Sunday, 28 December 2014

Assassins - Review

Menier Chocolate Factory, London


Music and lyrics by Stephen Sondheim
Book by John Weidman
Directed by Jamie Lloyd

Carly Bawden and Catherine Tate

It is a thrilling, chilling intimacy that infuses the Menier's production of Assassins, Stephen Sondheim's compelling work that unfolds via the back stories of those who have taken a pot-shot at America's Presidents down the years. The audience enters a traverse space through the sinister open jaws of an oversized clown, with Soutra Gilmour's inspired design placing this show's prescribed fairground setting in a decayed theme park. Video-gamers will find more than a hint of Batman's Arkham City amidst the grotesque paraphernalia - and that's even before setting eyes on Simon Lipkin's Joker-esque Proprietor.

There is as much history as there is entertainment in this show. Broadway import Aaron Tveit is the first of the shooters, playing John Wilkes Booth, Abraham Lincoln's Confederate murderer. Booth was committed to opposing the abolition of slavery that Lincoln championed and proves to be one of the musical's few assassins who is drawn to kill purely in pursuit of a political even if reprehensible political motive.

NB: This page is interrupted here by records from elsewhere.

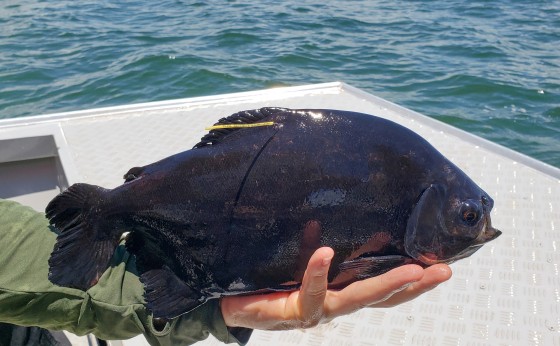 Marcação de peixes pela Itaipu tem primeiros resultados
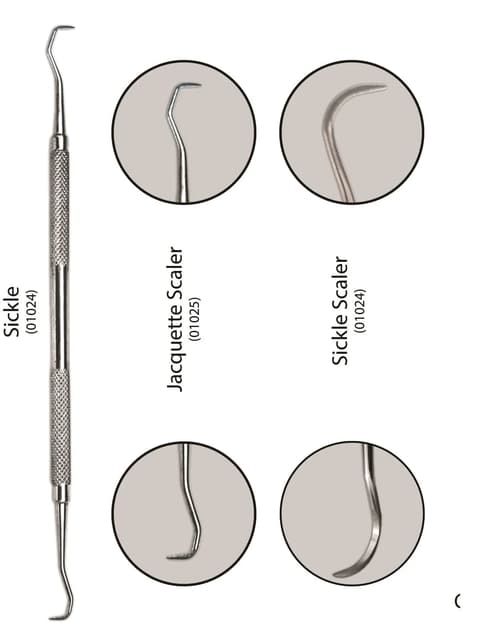 Hand Scalers - Bibodent | Dental Supplies & Equipment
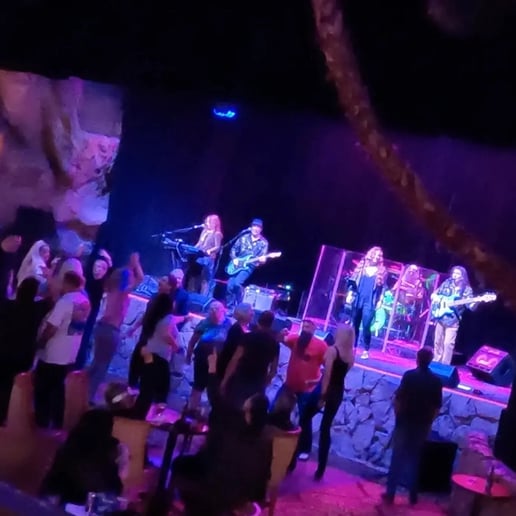 Gallery photo 3 of SAUCY BAND Tribute Act to the 70's Dance Hits "BOOGIE WAVE"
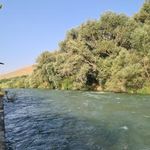 کافه رستوران کاکتوس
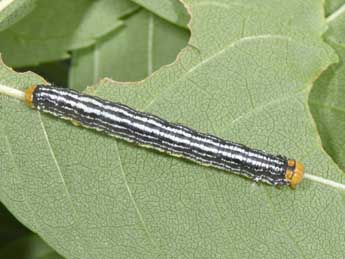  Chenille de Abraxas pantaria L. - Philippe Mothiron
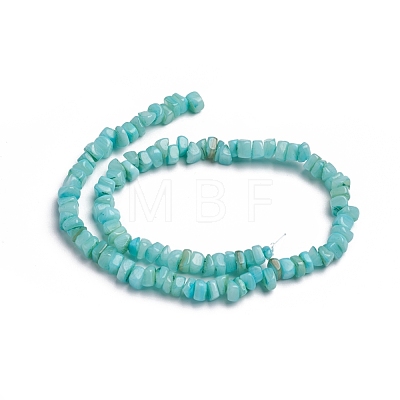 Shell Beads Strands X-BSHE-G026-02A-1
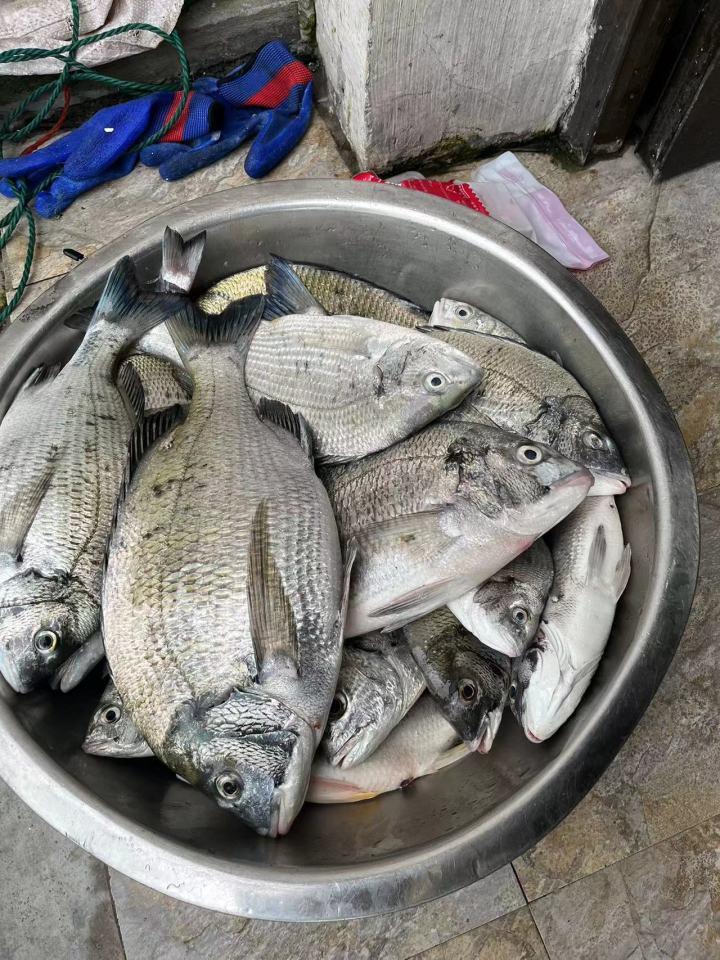 年年辦國際海釣大賽 平陽南麂島“釣”到了什么？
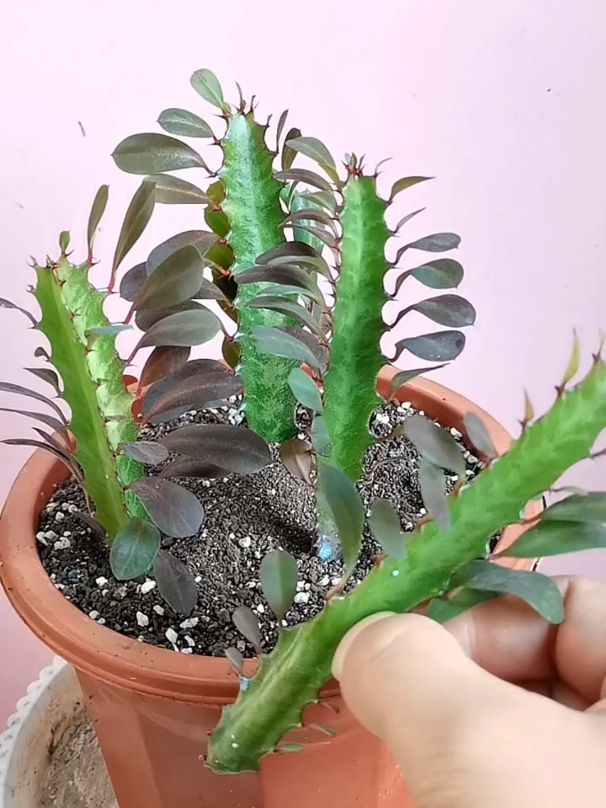 龙骨的扦插枝条选择,扦插的时候,嫩的枝条老的枝条都是可以的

There is little that's crazy in Tveit's sensitive portrayal of a man who sees Lincoln destroying his nation and whilst many of the other assassins are executed, Booth's suicide as his captors close in, evokes a surprising pathos from the American actor.

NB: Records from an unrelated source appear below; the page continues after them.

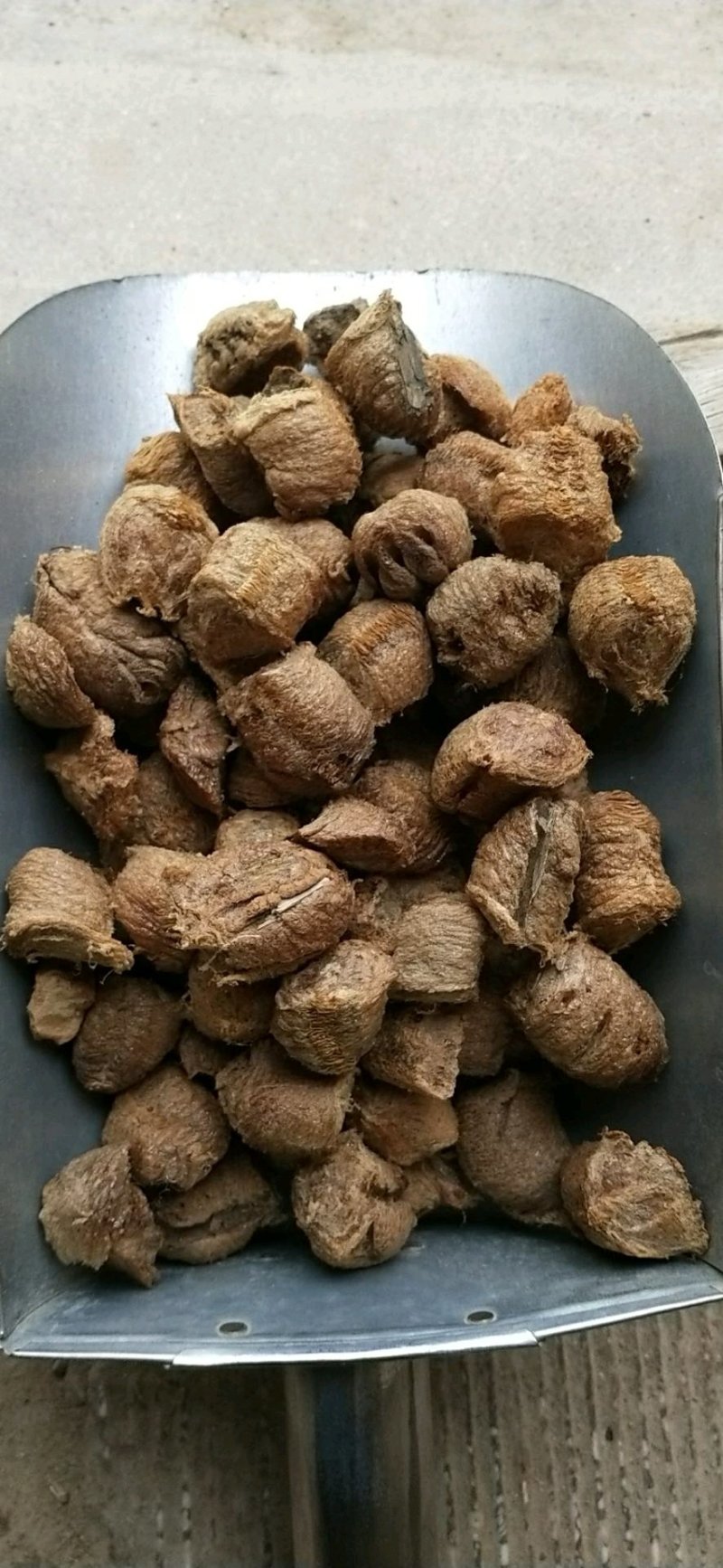 中药材防风种子
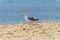 One-legged seagull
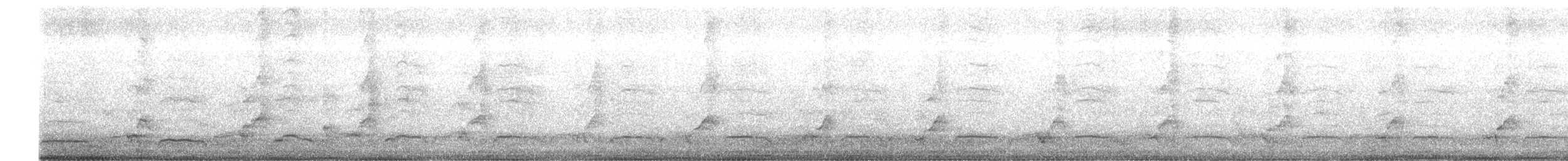 Pied Cormorant - ML227045951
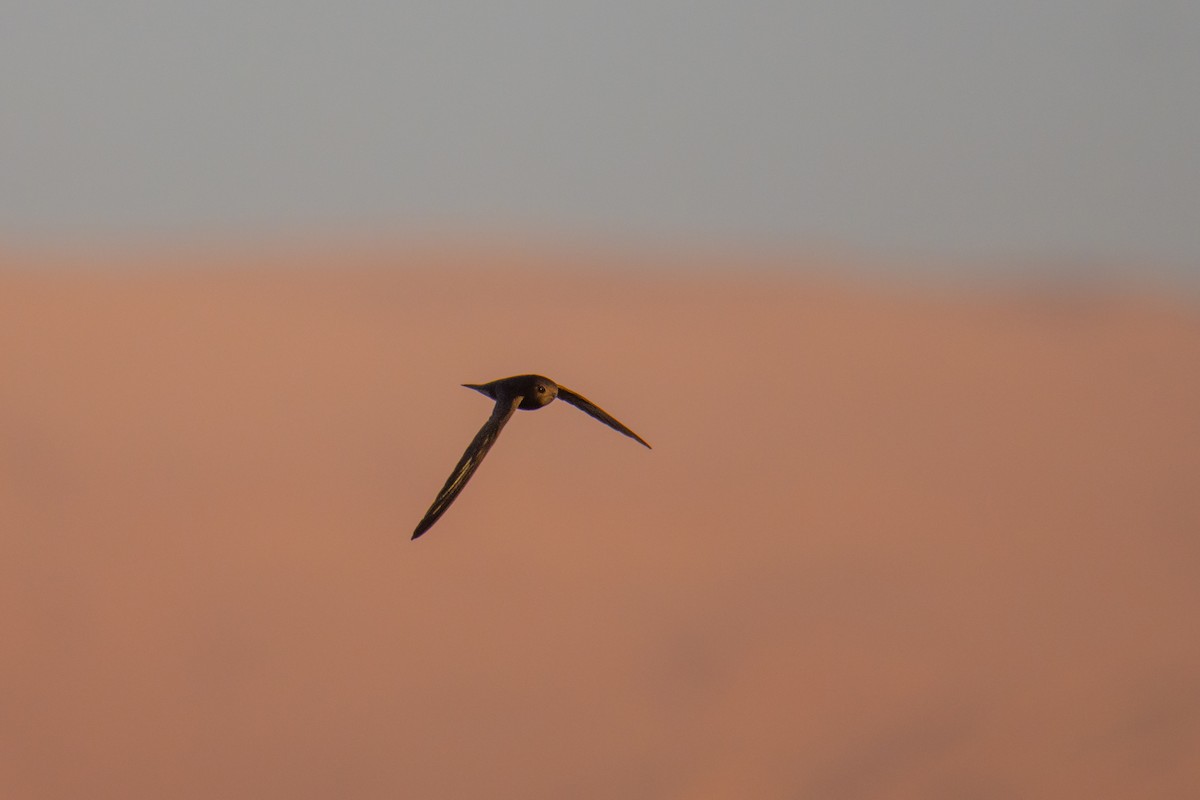 Mauersegler - ML651933653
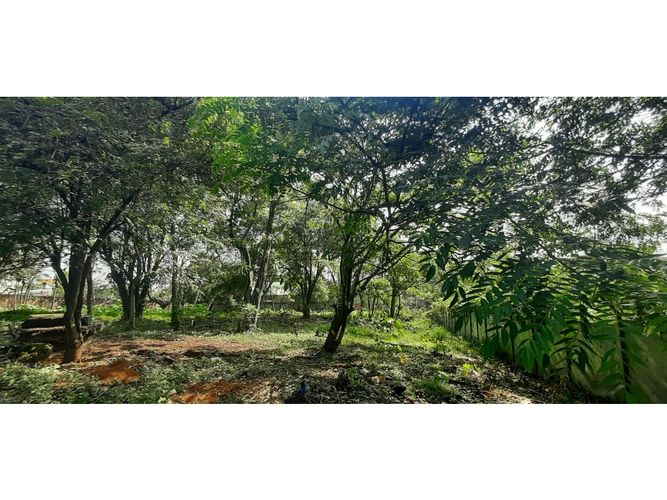 Lote en venta en Pance, Cali, 3200 m² · foto 4 de 8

Aside from the Proprietor, Sondheim's key narrative thread comes from Jamie Patker's guitar-strumming Balladeer. Amidst moments of brilliant irony, Parker achieves a subtle blend of satire and tragedy as he weaves his way through the show's haphazard chronology, his final transformation, from everyman to Lee Harvey Oswald, is one of Sondheim's most chilling creative concepts.

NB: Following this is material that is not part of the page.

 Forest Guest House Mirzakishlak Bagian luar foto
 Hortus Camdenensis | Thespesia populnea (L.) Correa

The power of this show lies in its construction as an ensemble piece and Jamie Lloyd has assembled a world class company to portray this clutch of infamous inadequates. Catherine Tate cleverly underplays her comic genius as Sarah Jane Moore who was to have a pop at Gerald Ford, whilst in a separate bid to kill Ford, Carly Bawden's Lynette 'Squeaky' Fromme offers up another carefully crafted slice of ditzy 1970's Americana.

Rising star Stewart Clarke electrifies (literally) as F.D.Roosevelt's would be killer Giuseppe Zangara. Clarke's last Latino turn was as Pirelli in NYMT's Sweeney Todd and this young actor's Italian job has to be seen to be believed. Andy Nyman offers a perfectly nuanced nebbish as immigrant Charles Guiteau who shot Garfield in 1881. Nyman's disturbingly hilarious reprise of The Ballad of Guiteau, complete with jazz hands as his character's corpse swings from the gallows (great stagecraft from Freedom Flying) must rank as one of the most ghoulish moments in the canon.

Canadian Mike McShane is perfectly placed as the oft forgotten Samuel Byck, a middle-aged unemployed salesman who plotted to fly a 747 into Nixon's White House. Lumbering on stage in a Santa suit and in a role that credits him with no sung solos but rather rambling monologues, McShane leads the company in Assassins' most portrayal number, Another National Anthem. (And if McShane is one day cast as Willy Loman, remember that you read it here first)

Lipkin is an assured force throughout - and as each President is in turn shot at, he dons a paper target on head, back or torso, inviting gunmen to take aim. His is a performance (that also includes his acclaimed puppetry skills), that like the show itself, is as exciting as it is thought provoking. With no interval, Assassins proves to be a relentless roller-coaster ride. The most famous assassination of them all, that of John F. Kennedy in Dallas, sees the Menier's stage flooded in crimson petals, mimicking the famously televised bloody horror that the world witnessed in November 1963. 

As one of London's visionary directors and a creative force who consistently brings a perceptive flair, often sprinkled with just a hint of carnage, there was an inevitability that Jamie Lloyd would want to tackle this troubling show. His execution is flawless, ably supported by musical director Alan Williams' interpretation of Sondheim's complex melodies.

Sold out until March, this show is a work of genius that deserves a wider audience. A West End transfer may yet be a possibility, but nothing will match the cockpit-like intensity achieved in this versatile venue. The finale's ensemble of the assassins, guns aimed at the audience and all singing Everybody's Got The Right will, to quote Sondheim, stay with me for a long time.